By Clint McElroy
HQ 114 | SUMMER 2021
I got my first job in radio when I was hired by Gordie Hall to be a part-time member of the news department at WKEE. Gordie was a terrific news guy and had worked with my dad years earlier. One extremely slow news day I was doing what the part-timers do — filing — and came across a file marked “Credip.” I asked Gordie what Credip meant and he replied, “Credip is Credip. You’ll know it when you see it.”
The items in the Credip file offered up no clue to its purpose. Actually, that’s not true. They offered too many clues — an Associated Press wire story about a UFO sighting, a postcard with a giant plaster cowboy grinning, a recipe for something called “Tuna Puffs,” a newspaper clipping with an engagement announcement on one side and on the other side a movie ad for Our Man Flint. And oh, so much more.
I could detect no discernable pattern to reveal the purpose of the Credip file, and Gordie would never tell me. To this day, I still do not know.

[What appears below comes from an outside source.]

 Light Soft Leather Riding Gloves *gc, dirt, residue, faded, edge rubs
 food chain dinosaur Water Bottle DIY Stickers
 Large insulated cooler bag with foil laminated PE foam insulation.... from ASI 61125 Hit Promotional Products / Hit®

That said, even after Gordie left the radio station I maintained the Credip file, adding whatever I thought felt, well, right. I included things that were odd or mundane, happy or sad, normal or nonsense. Before you ask, yes, I have searched “Credip” on every web browser in existence. The only thing I got was some kind of sauce or chip dip from Crete.
In time I included documentation of the broadcast stunts I was involved in: being frozen in a block of ice for 48 hours, broadcasting live from a haunted dentist’s office, becoming diver certified so I could do an entire morning radio show underwater in an effort to save Huntington’s Olympic Pool. It all went into the Credip file.
I actually have a Credip file of my own at home and still maintain it. I have this fantasy of my three sons going through my papers after I’m gone and wondering, “What the hell is this?”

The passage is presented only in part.